→ **Extracted information**:
━━━━━━━━━━━━━━━━━━━━━━━━━━━━━━

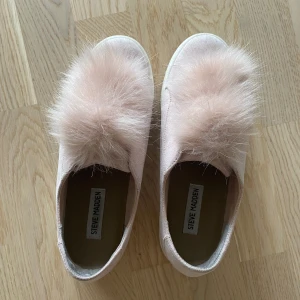 Steve madden - Rosa Steve madden skor i storlek 38. Rosa fluff, ganska skitiga men går lätt att fixa , har bara inte orken 😊 , kan mötas upp i Stockholm 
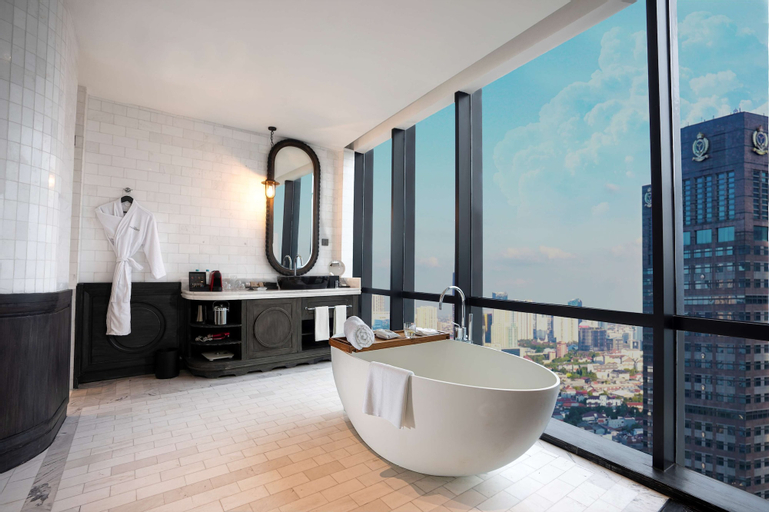 Bathroom 4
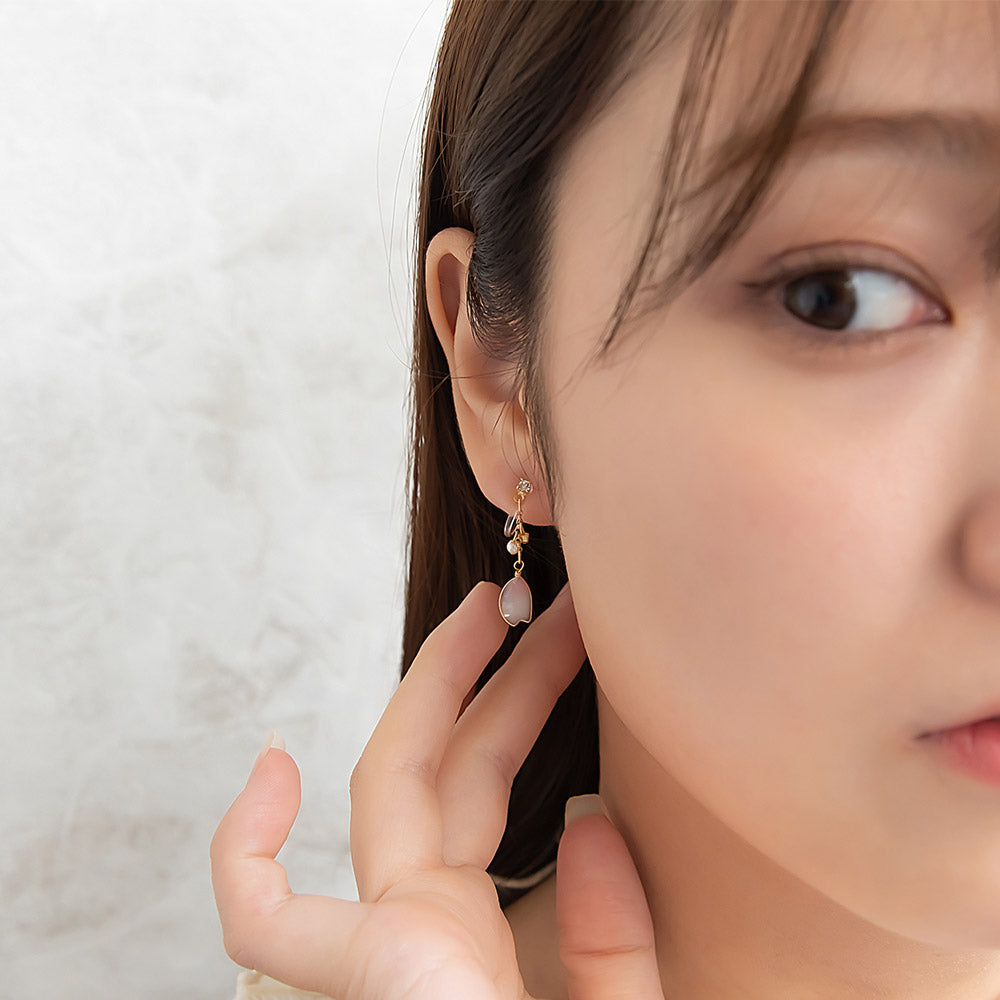 Sakura Petal Drop Invisible Clip Ons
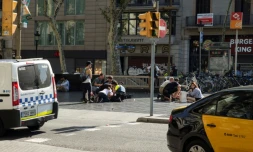 Des blessés sont traités sur place à Barcelone, le 17 août 2017, après l'attentat qui a fait 15 morts 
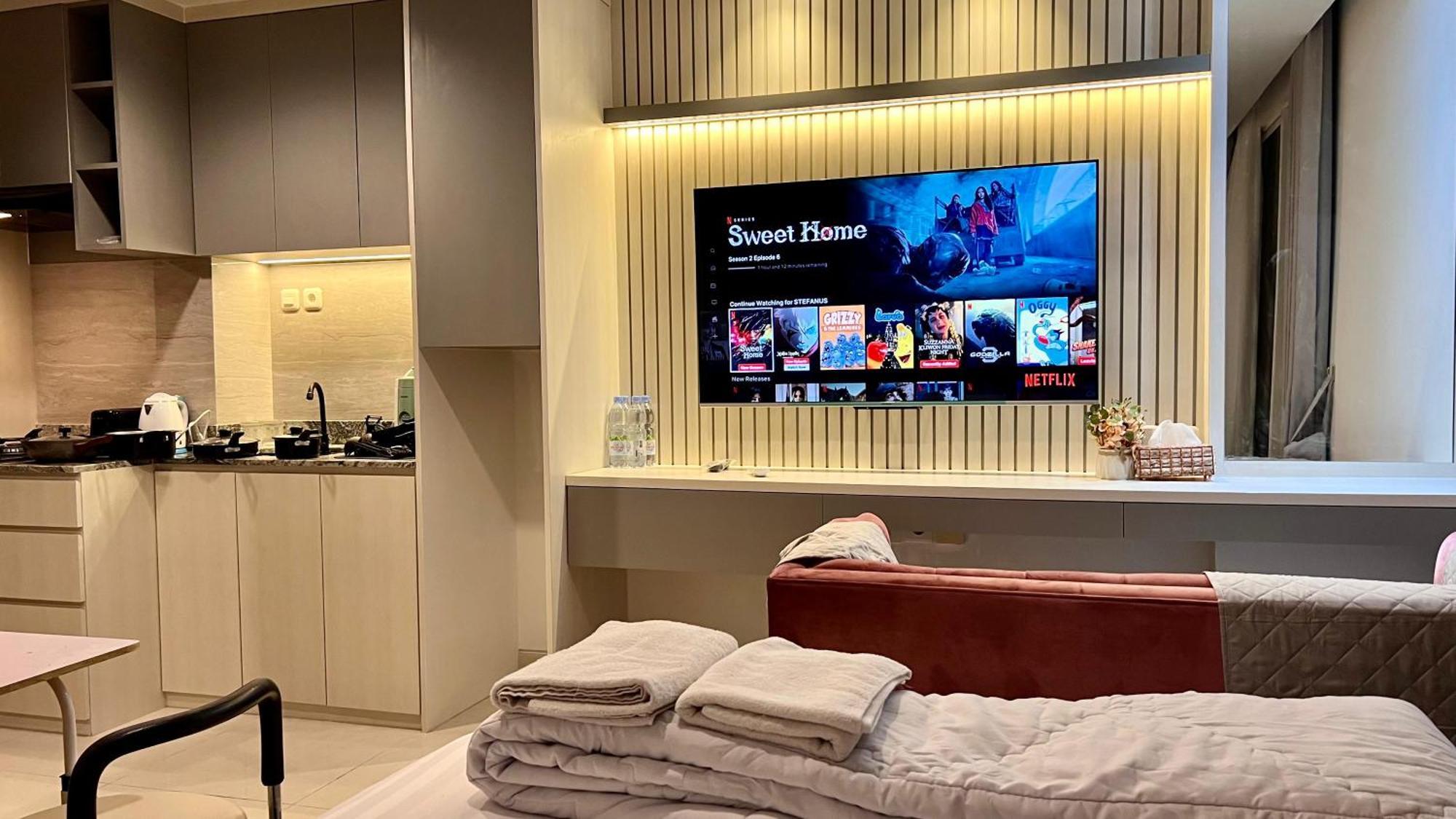 West Vista Jkt Modern Design W/55” Tv And 40/mbps Wi-fi *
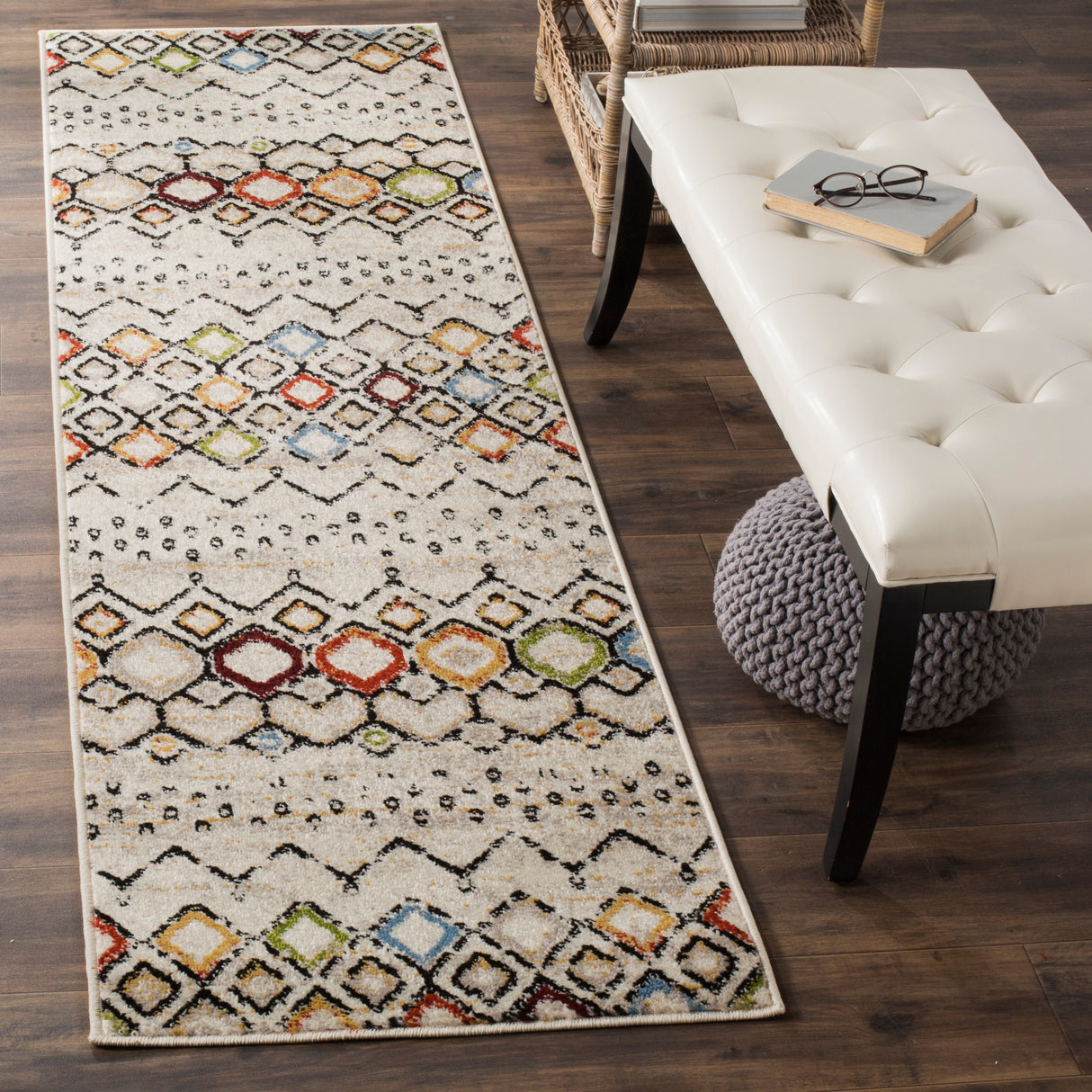 SAFAVIEH Amsterdam Iskra Moroccan Boho Rug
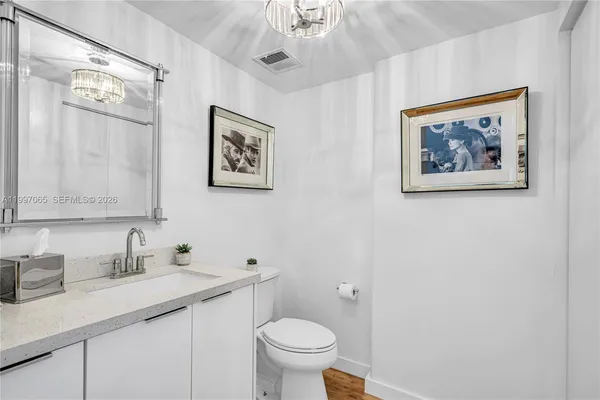 $419,999 | 690 Southwest 1st Court, Unit 1709, Miami, FL 33130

━━━━━━━━━━━━━━━━━━━━━━━━━━━━━━

→ **Work instruction**:
Output the material verbatim, skipping the images.

→ **Exercise answer**:
 Steve madden - Rosa Steve madden skor i storlek 38. Rosa fluff, ganska skitiga men går lätt att fixa , har bara inte orken 😊 , kan mötas upp i Stockholm 
 Bathroom 4
 Sakura Petal Drop Invisible Clip Ons
 Des blessés sont traités sur place à Barcelone, le 17 août 2017, après l'attentat qui a fait 15 morts 
 West Vista Jkt Modern Design W/55” Tv And 40/mbps Wi-fi *
 SAFAVIEH Amsterdam Iskra Moroccan Boho Rug
 $419,999 | 690 Southwest 1st Court, Unit 1709, Miami, FL 33130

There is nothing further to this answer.